The Economic Survey 2020-21 has put the burden of reviving the contracted Indian economy unilaterally on the government.
The novel coronavirus disease (COVID-19) pandemic is a unique economic situation. It curtailed both demand and supply. It meant a near cessation of economic activities that lead to a 7.7 per cent contraction in India’s gross domestic product (GDP).
The Economic Survey — deploying all relevant economic theories dating back to 1950s and quoting almost all dead and alive economists who champion public spending as a mean to economic growth — recommends that only public spending to its maximum level can revive both private consumption and also attract private investments.
Currently, private consumption accounts for 54 per cent of India’s GDP. Private investment accounts for 29 per cent of the GDP. While consumption is contracting, private investment is not showing signs of revival due to uncertainty in overall economic prospects.
“The relevance of counter-cyclical fiscal policies is paramount,” argued the Survey.
“In an economy that has unemployed resources, an increase in government spending increases the aggregate demand in the economy, which may induce the private sector to increase their investment in new machinery to cater to the increased demand, and hence put the unused resources to productive uses.”
But in a situation never before experienced, the Economic Survey recommends that “in an economy operating below full capacity, the supply of savings may grow from greater government spending through demand creation and thereby greater employment”.

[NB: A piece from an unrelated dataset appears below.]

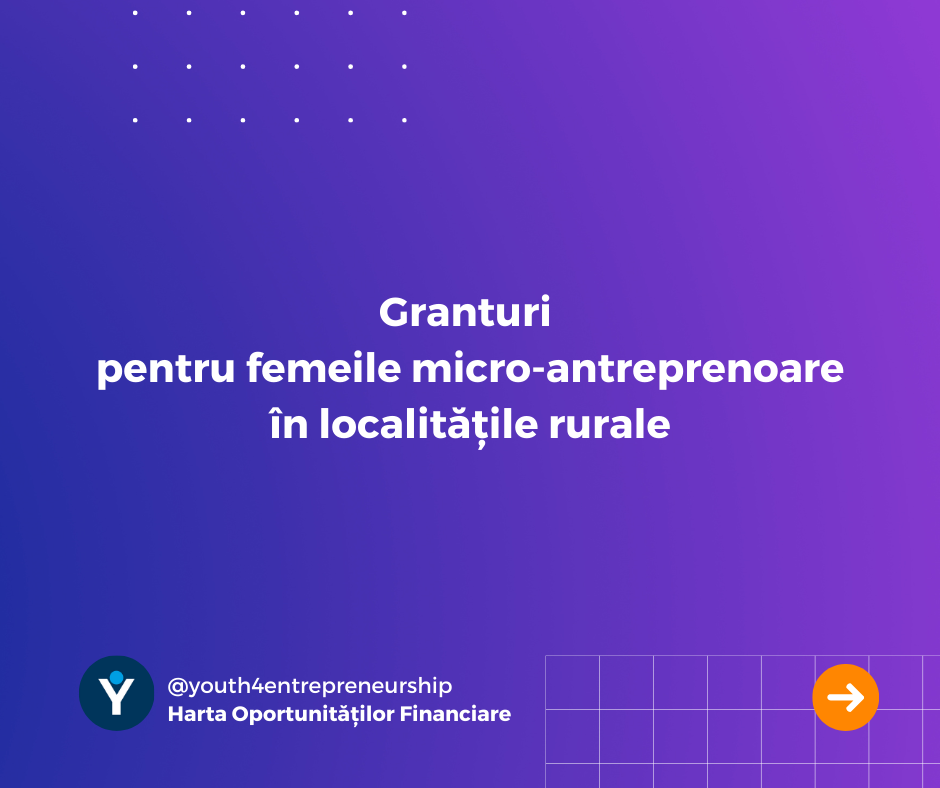 Granturi pentru femeile micro-antreprenoare în localitățile rurale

“This is because, as highlighted by recent research, favourable demographics — in the form of a large population of working age — would enhance savings through meaningful jobs,” says the Survey.
The suggested strategy is a diametrically opposite to what is being adopted currently to boost growth and consumption. Government has been championing and encouraging private investments to increase income and thus saving. This saving would ultimately lead to more consumption. This is the essence of the free market model.
Just before the budget session started, Prime Minister Narendra Modi said, “First time it happened that the Finance Minister had to come out with different packages. There were in fact four to five mini budgets in 2020. So this budget also will be seen as a part of that series of budget.”
He primarily hinted that the budget to be presented on February 1 would be the first instalment of a series of government fiscal packages to be declared over the next year. Modi is known to declare massive financial packages irrespective of budgetary allocations or mentions.
The Economic Survey has clearly recommended a proactive fiscal strategy that responds to situations, instead of a traditional annual budgeting. Talking about the government’s responses to the pandemic, it has termed it as “proactive”. And in clear terms recommend that such responses as required and in a layered fashion would keep the overall sentiment in the economy positive.
If the Survey is an indication of the economic situation and a warning for the future, the Budget 2021-22 will have a massive government-driven spending effort. In the last 10 months the government has already declared massive infrastructure boosting packages. We can expect more so in the coming year.